All states except the West Bengal consented to the proposal. At the meeting today, West Bengal Finance Minister Amit Mitra disagreed to limited division of assessment for turnover below Rs 1.5 cr, Jaitley said.
Earlier, Kerala Finance Minister T M Thomas Isaac told reporters that there was "no agreement” and the discussions were still going on.
He, however, said there were agreements on some other issues, including an "agreement that integrated GST (law) will be mutually empowerment model". Also, "territorial waters, taxation powers will be delegated to the states", he said.
The Council had seen a deadlock for the fifth meeting in a row, with states seeking sole powers to control assessees with an annual turnover of up to Rs 1.5 crore.
The Centre, however, was not in favour of a horizontal split as it feels states do not have the expertise to administer levies like service tax.
Jaitley is also not in favour of dual agencies auditing and scrutinising each taxpayer as he reckons multiple authorities could end up acting at cross-purposes.
"Some people want vertical divisions (of tax payers), others want horizontal division with vertical division of large traders.

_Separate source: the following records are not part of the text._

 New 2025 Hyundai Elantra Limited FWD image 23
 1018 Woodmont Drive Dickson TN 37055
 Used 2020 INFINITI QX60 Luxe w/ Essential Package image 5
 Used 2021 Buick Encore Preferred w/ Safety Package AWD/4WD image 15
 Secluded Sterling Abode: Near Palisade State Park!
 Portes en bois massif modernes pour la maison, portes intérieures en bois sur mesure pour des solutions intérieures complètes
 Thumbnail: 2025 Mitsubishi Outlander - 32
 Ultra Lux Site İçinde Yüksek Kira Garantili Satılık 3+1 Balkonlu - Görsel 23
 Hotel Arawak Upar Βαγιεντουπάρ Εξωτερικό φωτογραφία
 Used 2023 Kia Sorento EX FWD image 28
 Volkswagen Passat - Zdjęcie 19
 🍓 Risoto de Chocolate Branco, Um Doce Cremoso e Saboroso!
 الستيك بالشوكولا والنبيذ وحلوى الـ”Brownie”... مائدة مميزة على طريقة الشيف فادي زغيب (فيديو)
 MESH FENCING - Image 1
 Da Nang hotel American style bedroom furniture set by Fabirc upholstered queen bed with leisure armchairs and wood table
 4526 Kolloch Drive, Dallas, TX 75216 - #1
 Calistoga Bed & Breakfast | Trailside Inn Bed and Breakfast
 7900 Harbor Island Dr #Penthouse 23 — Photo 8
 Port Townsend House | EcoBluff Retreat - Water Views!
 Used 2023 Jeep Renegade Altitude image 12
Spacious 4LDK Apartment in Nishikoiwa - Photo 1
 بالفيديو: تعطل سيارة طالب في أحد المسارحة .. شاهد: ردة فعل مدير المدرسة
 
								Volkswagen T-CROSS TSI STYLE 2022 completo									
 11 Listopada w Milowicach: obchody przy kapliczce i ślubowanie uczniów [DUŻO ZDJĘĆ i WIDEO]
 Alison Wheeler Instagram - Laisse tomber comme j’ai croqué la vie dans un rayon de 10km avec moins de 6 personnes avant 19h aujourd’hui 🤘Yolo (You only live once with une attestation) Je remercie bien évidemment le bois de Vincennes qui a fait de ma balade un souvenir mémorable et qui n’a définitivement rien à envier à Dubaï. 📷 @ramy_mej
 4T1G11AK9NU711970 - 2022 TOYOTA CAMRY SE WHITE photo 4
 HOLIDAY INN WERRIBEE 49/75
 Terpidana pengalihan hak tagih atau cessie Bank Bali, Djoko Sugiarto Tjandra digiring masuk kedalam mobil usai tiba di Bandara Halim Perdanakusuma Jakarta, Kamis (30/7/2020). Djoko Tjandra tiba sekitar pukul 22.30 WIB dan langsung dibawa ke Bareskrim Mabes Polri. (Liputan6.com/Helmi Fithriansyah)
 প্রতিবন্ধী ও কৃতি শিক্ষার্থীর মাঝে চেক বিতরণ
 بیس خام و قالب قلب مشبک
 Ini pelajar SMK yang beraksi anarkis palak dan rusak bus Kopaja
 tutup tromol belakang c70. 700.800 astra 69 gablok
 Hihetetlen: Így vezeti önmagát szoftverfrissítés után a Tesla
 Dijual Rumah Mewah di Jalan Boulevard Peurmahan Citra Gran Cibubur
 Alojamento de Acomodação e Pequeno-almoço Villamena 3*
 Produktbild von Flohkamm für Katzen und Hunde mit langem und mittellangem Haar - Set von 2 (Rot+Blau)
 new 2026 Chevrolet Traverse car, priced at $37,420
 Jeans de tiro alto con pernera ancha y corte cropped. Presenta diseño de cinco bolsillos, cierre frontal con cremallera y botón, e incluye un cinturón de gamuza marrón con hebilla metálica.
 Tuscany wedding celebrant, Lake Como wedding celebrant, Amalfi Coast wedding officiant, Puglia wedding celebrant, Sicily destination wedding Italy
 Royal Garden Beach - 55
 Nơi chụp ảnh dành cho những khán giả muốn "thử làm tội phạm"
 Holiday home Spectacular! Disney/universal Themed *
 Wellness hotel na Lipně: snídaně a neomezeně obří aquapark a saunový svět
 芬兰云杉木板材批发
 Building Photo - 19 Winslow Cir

Some compromise will be worked out," Thomas added.
"Below Rs 1.5 crore could be under the administrative control of states. The Centre would have certain limited amount of audit functions that could be one possible compromise. Discussions are going on."
Addressing the media after the meeting, Jaitley said, “Power to levy and collect IGST tax is with the Centre but by special provision in law, states will be cross empowered in same manner as ratio mentioned.”
The Council, in its previous meeting, had agreed on most of the clauses of the draft IGST law, which along with central GST (CGST) and state GST (SGST) have to be passed by Parliament and state legislatures, respectively, before the new indirect tax regime can be rolled out.
IGST deals in levy on inter-state supply (including stock transfers) of goods or services.
GST will subsume a host of indirect taxes levied by the Centre and states, including excise duty, VAT, service tax, entry, luxury and entertainment levies.
Parliament passed the landmark constitutional amendment in August last year and more than half of state legislatures ratified it by mid-September.
According to Jaitley, GST needs to be rolled out latest by September 16, 2017.
Under the Constitutional Amendment passed by Parliament for GST implementation, some of the existing levies will expire after September 16.
GST is expected to transform India into a single market, boost revenues through better compliance and simpler procedure.